Cet épais volume, qui avoisine les 500 pages, est en réalité une compilation d’enseignements spirituels dont l’impression a été rendue possible grâce au travail méticuleux et attentif de l’abbé Patrick Troadec, f.s.s.p.x., qui a su piocher des passages dans différents livres, homélies, allocutions, conférences et interventions du fondateur de la Fraternité sacerdotale Saint-Pie-X pour les réagencer afin de donner une charpente cohérente et une articulation logique à l’ensemble.
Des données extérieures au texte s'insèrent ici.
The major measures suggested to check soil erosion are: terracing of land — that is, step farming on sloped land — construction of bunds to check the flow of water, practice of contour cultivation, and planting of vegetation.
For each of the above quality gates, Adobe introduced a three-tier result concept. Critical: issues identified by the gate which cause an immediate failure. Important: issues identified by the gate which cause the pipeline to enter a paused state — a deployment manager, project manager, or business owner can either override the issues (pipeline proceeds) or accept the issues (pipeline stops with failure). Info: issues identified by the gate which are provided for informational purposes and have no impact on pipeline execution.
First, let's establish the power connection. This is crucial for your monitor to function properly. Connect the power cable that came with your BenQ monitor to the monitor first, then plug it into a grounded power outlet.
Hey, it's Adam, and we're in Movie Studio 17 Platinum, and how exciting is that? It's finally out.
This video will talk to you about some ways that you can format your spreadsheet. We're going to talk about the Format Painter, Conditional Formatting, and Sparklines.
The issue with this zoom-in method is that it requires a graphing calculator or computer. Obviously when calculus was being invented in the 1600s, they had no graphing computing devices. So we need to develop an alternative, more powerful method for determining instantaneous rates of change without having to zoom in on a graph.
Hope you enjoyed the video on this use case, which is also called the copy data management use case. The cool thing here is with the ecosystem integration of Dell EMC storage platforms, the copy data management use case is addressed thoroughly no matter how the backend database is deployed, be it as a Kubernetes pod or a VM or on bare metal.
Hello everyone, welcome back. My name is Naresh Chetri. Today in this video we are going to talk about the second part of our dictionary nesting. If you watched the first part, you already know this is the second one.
Une simple consultation de la table des matières du livre permettra de mieux se rendre compte du véritable talent de compilateur dont a su faire preuve le supérieur du séminaire Saint-Curé-d’Ars à Flavigny – avec le concours, il est vrai, du frère Cyrille-Marie, puis d’autres prêtres pour l’enrichissement du recueil.
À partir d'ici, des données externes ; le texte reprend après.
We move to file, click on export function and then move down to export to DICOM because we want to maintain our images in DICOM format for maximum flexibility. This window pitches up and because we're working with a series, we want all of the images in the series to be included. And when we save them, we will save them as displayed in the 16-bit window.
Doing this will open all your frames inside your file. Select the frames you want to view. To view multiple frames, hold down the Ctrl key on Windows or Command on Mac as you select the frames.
Les morceaux choisis de monseigneur Lefebvre concernent toutes les époques de son ministère, et il s’en dégage une très grande homogénéité, une parfaite continuité, depuis le milieu du siècle jusqu’à la mort du prélat. Cette belle œuvre de spiritualité, au ton clair et à la phrase précise, pouvant faire office de véritable catéchisme pour nourrir la prière des adultes, se compose de quatre grandes parties : « I. Dieu et son amour pour nous » (subdivisée en trois livres : « La contemplation de Dieu », « Le Verbe incarné » et « La vie de Dieu en nous »), « II. Notre réponse : la montée vers Dieu » (là aussi trois subdivisions : « Les obstacles de la vie spirituelle », « Le combat spirituel » et « Les énergies de la vie spirituelle »), « III. Les secours divins à notre disposition » (comptant quatre livres sur « L’Église », « La prière », « Les sacrements » et « La vierge Marie »), et « IV. Notre destinée : l’éternelle vie ». De nombreux articles de la foi catholique sont expliqués avec limpidité, aux côtés d’exhortations à mettre en pratique vertus et bonnes résolutions, avec la force de la volonté et l’assistance de la grâce.
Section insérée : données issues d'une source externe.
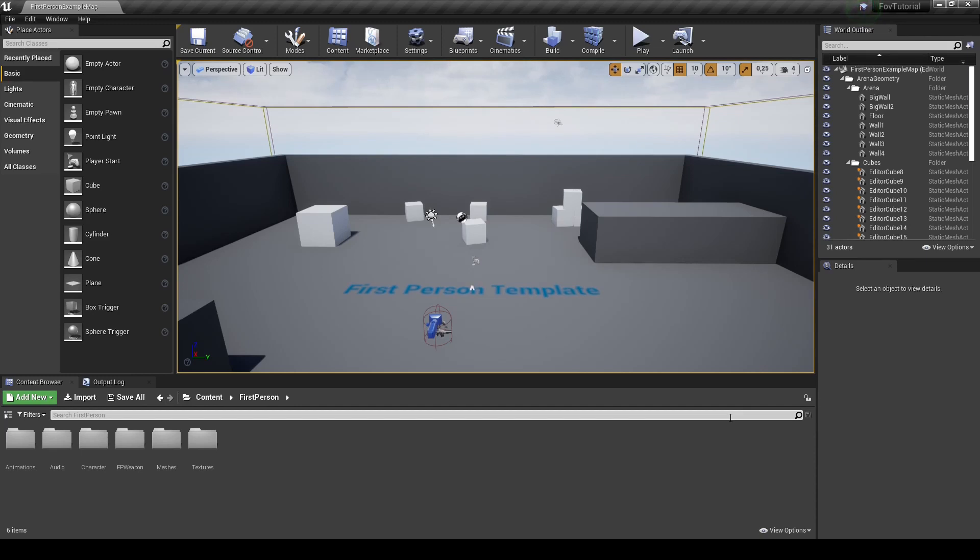I will show you how you can implement a double camera setup for first-person shooters where the gun and the scene are being rendered using different field of views. This is a feature most modern first-person shooters have and as an example, let's take a look at Call of Duty Modern Warfare.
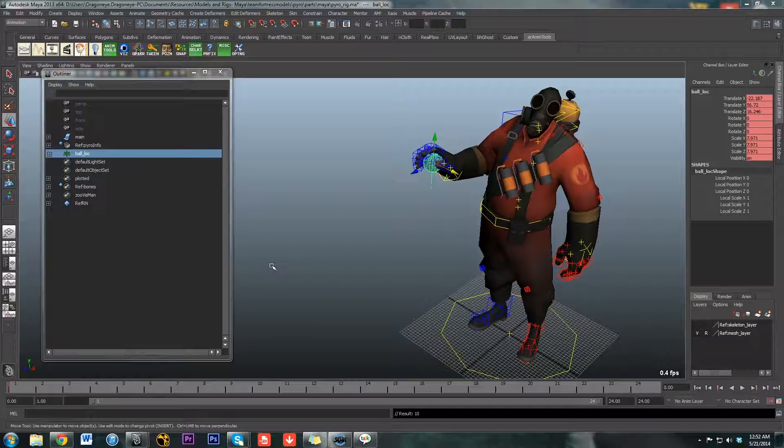Hello, viewer! Once again, I am back with another Animating with Constraints setup for you.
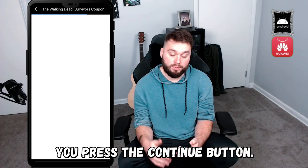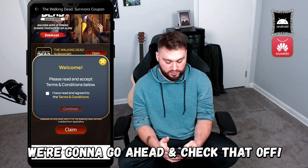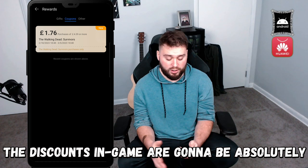The site wants to open the Huawei App Gallery — press the continue button when prompted. Now that the coupon code has been loaded, go to the bottom and click 'Claim.' It will say 'Welcome, please read and accept the terms and conditions.' Go ahead and check that off, press continue, and congratulations — you have now installed Huawei App Gallery and you can claim your codes.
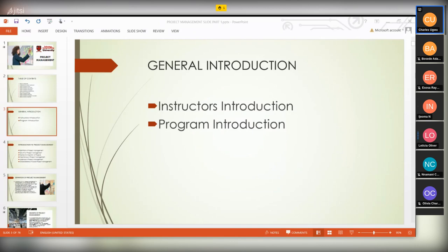My name is Leticia Oliver. I live in New York, Nigeria. I'm a pharmacist and I'm consulting with an NGO that provides care to people living with HIV and AIDS. I'm currently looking to make a career shift to IT and exploring freelancing. I'm hoping that through this class I will acquire skills that will enable me to succeed in my new career. Thank you.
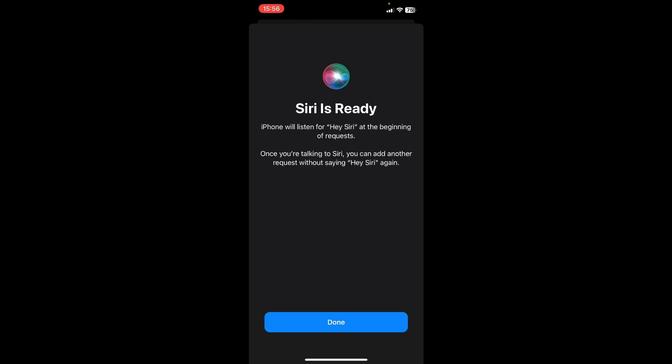And then you are done. As you can see over here, Siri is ready. iPhone will listen for Hey Siri at the beginning of requests. Once you're talking to Siri, you can add another request without saying hey Siri again.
« La religion chrétienne, c’est une religion de l’Esprit Saint, c’est la religion de l’amour, de la charité [2]. » Cela ne surprendra pas : le maître-mot de la spiritualité du fondateur du séminaire d’Écône, c’est la charité, qui relève du premier et unique commandement laissé par Notre-Seigneur. Cette éminente vertu théologale qui s’explique par notre création à l’image de Dieu « est à la fois la clé du mystère de Dieu » et « celle du mystère de notre vie [3] ». Cette charité permet de goûter à la vie éternelle dès notre ici-bas [4]. Elle a été le motif de la Passion du Christ et de la compassion de sa très sainte Mère [5] : voilà le don de soi par excellence [6] que Jésus enseigne dans l’évangile selon saint Jean ! Prions plus assidûment l’Esprit Saint et nous aussi nous pourrons être ravis par la charité [7] ! Les rapports entre la charité et le restant de la Révélation sont intimes et indétricotables : « Le bien, c’est la vérité mise en action, c’est-à-dire la charité : Dieu est vérité et charité, c’est une seule et même chose [8]. » Ne confondons pas cette éminente vertu avec de la mièvrerie : « La charité est vraiment ce qu’il y a de plus divin, mais encore faut-il bien la comprendre. Il ne faut pas que ce soit une espèce de sentimentalisme. Dieu sait si l’on parle de l’amour aujourd’hui, mais on dégrade cet amour [9] ». Évitons également tout contresens au sujet du mot célèbre de saint Augustin d’Hippone : « La charité est exigeante. Quand saint Augustin dit : “Aime et fais ce que tu veux”, le terme aime sous-entend qu’on ne fait que la volonté de celui que l’on aime. […] Par la charité, notre volonté s’unit, c’est-à-dire se conforme à la volonté de Dieu [10] ».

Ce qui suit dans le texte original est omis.